Africa’s pressing matters are political stability and economic development and both Russia and China can play a key role in helping achieve these objectives. Given its demographics in terms of fast population growth and urbanization, political stability is critical for Africa’s sustained economic prosperity. As Africa’s largest arm dealer, Russia’s role has been demonized in the West, but any criticism needs to be placed in the context of the US ongoing push for an African political architecture tailored to its own geopolitical needs. Concerning China, it is by far Africa’s leading financial and trading partner and will continue as such as the US economic role in world affairs erodes. 

The Ukraine war is a showcase on where US priorities stand. Food insecurity is the most troubling matter in Africa as the UN recently confirmed that 18 out of 23 hotspot countries suffering famine are in this continent. The war has contributed to disrupt food access primarily because of early export restrictions on Russian agricultural exports – by far Africa’s largest grain provider – and also due to the blockade of Ukrainian exports and its mining in the Black Sea, a situation that improved since July as Russia agreed to allow Ukrainian exports of agricultural products from Black Sea ports in exchange of the easing of US-led export sanctions on Russian similar items, the latter a major U turn on US policy.

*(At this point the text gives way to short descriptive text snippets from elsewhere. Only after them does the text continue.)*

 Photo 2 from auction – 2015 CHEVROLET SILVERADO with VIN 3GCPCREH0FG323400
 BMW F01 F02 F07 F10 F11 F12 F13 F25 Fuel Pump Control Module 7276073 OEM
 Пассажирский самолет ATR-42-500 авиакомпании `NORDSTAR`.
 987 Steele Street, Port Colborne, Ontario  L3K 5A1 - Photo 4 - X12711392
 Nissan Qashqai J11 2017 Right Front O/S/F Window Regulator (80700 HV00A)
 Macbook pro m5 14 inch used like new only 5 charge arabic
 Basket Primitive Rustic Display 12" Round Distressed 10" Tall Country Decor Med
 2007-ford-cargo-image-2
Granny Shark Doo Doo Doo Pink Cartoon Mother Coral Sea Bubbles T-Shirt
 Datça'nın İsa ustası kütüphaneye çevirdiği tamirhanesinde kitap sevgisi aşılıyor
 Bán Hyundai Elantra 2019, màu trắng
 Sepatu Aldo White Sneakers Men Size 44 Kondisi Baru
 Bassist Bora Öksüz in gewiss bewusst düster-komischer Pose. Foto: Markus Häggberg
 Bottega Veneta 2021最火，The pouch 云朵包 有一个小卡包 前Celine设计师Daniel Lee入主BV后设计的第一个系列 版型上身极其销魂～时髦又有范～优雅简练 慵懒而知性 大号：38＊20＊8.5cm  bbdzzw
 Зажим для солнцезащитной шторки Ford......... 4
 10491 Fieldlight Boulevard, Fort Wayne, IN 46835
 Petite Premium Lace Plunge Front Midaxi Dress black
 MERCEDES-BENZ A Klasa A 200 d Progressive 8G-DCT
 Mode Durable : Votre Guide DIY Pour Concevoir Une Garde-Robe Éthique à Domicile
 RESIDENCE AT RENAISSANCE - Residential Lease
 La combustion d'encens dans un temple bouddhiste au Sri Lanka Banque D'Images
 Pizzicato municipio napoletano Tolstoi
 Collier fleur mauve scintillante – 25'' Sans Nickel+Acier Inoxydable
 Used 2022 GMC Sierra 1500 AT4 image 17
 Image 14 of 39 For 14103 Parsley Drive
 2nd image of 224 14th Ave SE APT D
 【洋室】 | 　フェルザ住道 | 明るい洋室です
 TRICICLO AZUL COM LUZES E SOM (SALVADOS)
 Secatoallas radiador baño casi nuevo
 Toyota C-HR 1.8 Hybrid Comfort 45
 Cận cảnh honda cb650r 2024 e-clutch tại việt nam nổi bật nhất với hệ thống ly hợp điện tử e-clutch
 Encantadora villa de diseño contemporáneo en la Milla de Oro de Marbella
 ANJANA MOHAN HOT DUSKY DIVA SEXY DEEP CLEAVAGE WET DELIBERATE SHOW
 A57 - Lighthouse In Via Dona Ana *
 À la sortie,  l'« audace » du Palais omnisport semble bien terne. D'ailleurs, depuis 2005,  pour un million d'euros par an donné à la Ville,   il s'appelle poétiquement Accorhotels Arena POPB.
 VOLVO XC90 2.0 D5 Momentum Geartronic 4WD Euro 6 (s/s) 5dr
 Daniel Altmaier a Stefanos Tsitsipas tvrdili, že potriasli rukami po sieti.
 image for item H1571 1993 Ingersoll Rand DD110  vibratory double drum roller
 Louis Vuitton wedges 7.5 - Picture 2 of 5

Since the beginning of the war the US has used propaganda and intimidation in its efforts to align African countries behind its pro-Ukraine policy to ensure Russian sanctions have a bite. The US ambassador to the UN recently warned in Uganda against buying Russian oil and natural gas mentioning that African countries were “only allowed” to buy their agricultural products, prompting the South African Minister of International Relations Pandor, in front of US Secretary of State Blinken, to accuse the West of taking a patronizing and bullying attitude toward Africa. Unsurprisingly, most African countries have been unenthusiastic to US attempts to condemn Russia at the UN in connection with the war. US bombastic support of Ukraine has also had a distorting impact on humanitarian and emergency relief for Africa, which according to the UN has dwindled while there is excess of money for programs helping Ukrainians.

A US perennial mantra has been that democracy leads to stability and peaceful societies while so-called weaker democracies make countries vulnerable to extremism and foreign interference. Paradoxically, the US traditional tools of statecraft include regime change, subversion and instability. Due to naivety, relative statehood inexperience vis-à-vis Russia and China, or perhaps just because of sheer imperial ambition, the US has historically been incapable to understand that each society has its own path towards progress, often different from the one followed in the XVIII century by thirteen small and homogeneous English colonies in North America. There is no pre-conceived road to reach prosperity and justice and countries that respect themselves will always abhor the imposition of Western templates to achieve this worthy goals.